BackToBasics: Common Table Expressions (CTEs)

At the end of last year, I accepted a challenge for 2016: to publish one post per month that makes fewer assumptions about the reader's knowledge. In the first post, which came up rather quickly I might add, I'm going to talk about a concept in SQL Server introduced in SQL Server 2005: the Common Table Expression (CTE).

What is it?

A CTE is probably best described as a temporary inline view - in spite of its official name, it is not a table, and it is not stored (like a #temp table or @table variable). It operates more like a derived table or subquery, and can only be used for the duration of a single SELECT, UPDATE, INSERT, or DELETE statement (though it can be referenced multiple times within that statement). It can also be used to drive a MERGE statement, but I'm not a big fan of those.

Paul White (@SQL_Kiwi) once said that a better name might have been Common View Expression (CVE); I think Temporary View or Inline View would have been more on point as well.

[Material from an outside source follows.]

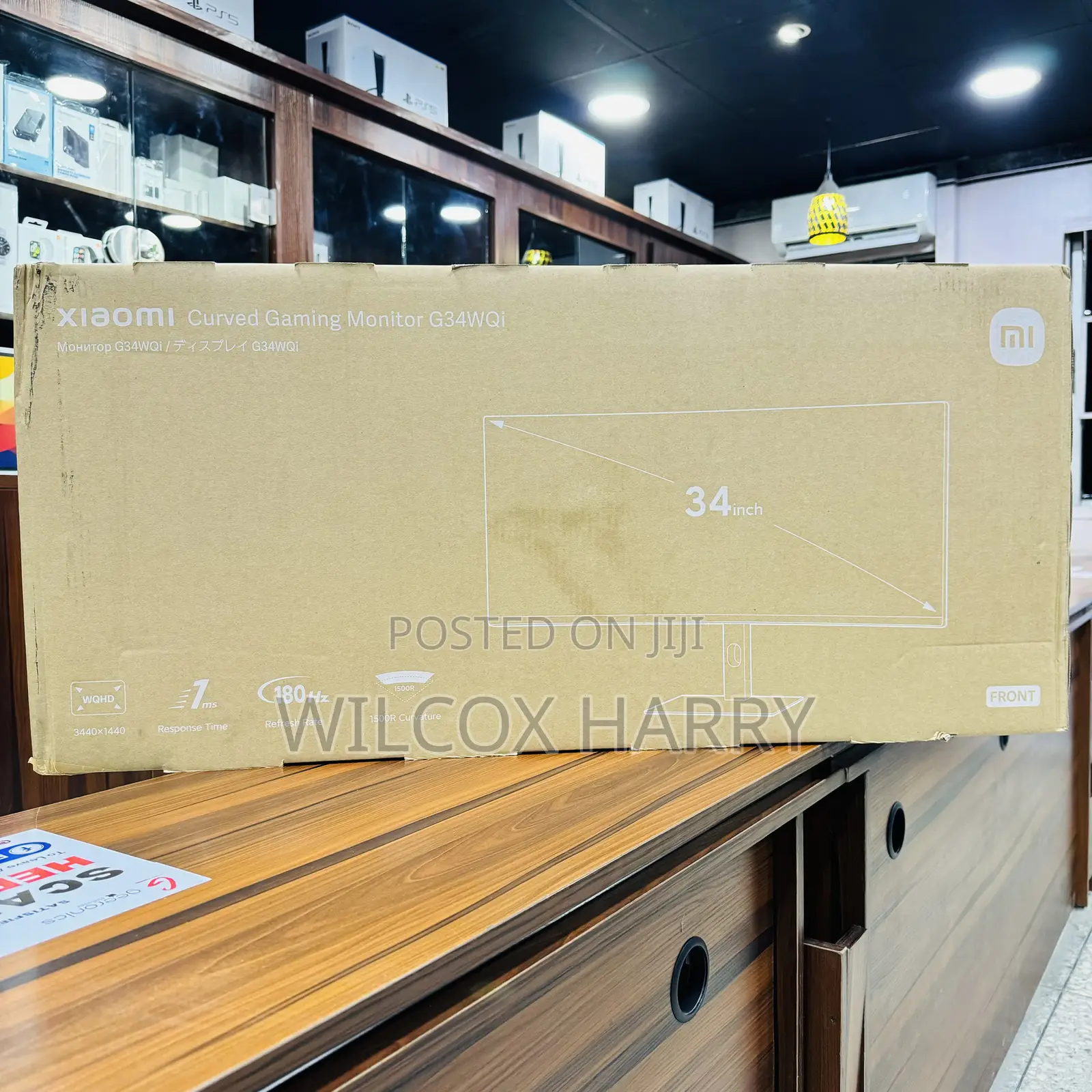 Xiaomi Curved Gaming Monitor G34wqi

People don't generally know to call it a CTE because the label of CTE isn't in the syntax - it simply appears like this, using the keyword WITH:

;WITH some_alias_name AS (SELECT ...

This is not the only use for WITH in Transact-SQL - you may also have seen it used for table hints (e.g. WITH (NOLOCK)), database setting options (e.g. WITH ROLLBACK IMMEDIATE), index options (e.g. WITH (DROP_EXISTING = ON)), backup options (e.g. WITH RECOVERY) and others.

Why is it used?

A CTE can serve many purposes, some of which could be swapped with derived table or subquery variants.

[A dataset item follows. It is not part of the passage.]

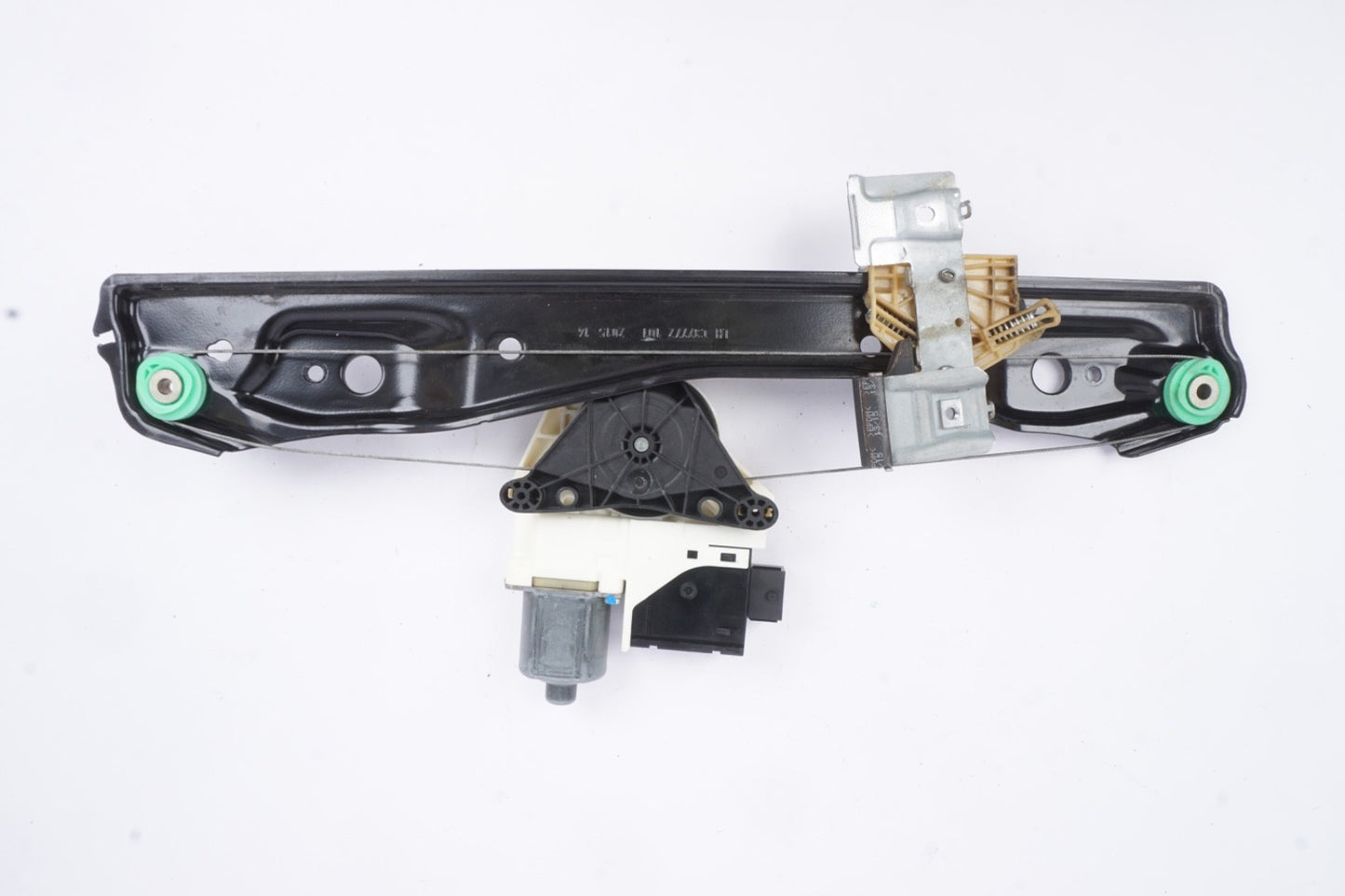 Used Front Left Door Window Regulator Front fits: 2014 Fiat 500 electric include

Eliminate redundant expressions

Sometimes you have a complex expression that you reference multiple times, such as:

SELECT 
  h = MAX(DATEADD(DAY, 30, column_name)),
  l = MIN(DATEADD(DAY, 30, column_name)),
  a = AVG(DATEADD(DAY, 30, column_name))
FROM dbo.some_table;

A CTE can simplify this by only having to run the DATEADD expression once:

;WITH cte AS
(
  SELECT d = DATEADD(DAY, 30, column_name)
  FROM dbo.some_table
)
SELECT 
  h = MAX(d),
  l = MIN(d),
  a = AVG(d)
FROM cte;

Of course, as I suggested, this could also be written using a nested subquery:

SELECT 
  h = MAX(d),
  l = MIN(d),
  a = AVG(d)
FROM
(
  SELECT d = DATEADD(DAY, 30, column_name)
  FROM dbo.some_table
) AS nsq;

Which of these forms you use is subjective (and will perform the same), but I have found myself leaning toward CTEs because, unlike nested subqueries, they can be referenced multiple times without being repeated. For example:

;WITH cte AS
(
  SELECT d = DATEADD(DAY, 30, column_name)
  FROM dbo.some_table
)
SELECT MAX(d) FROM cte
UNION ALL
SELECT MIN(d) FROM cte;

This doesn't mean that dbo.some_table is only touched once, though. More on that in a moment.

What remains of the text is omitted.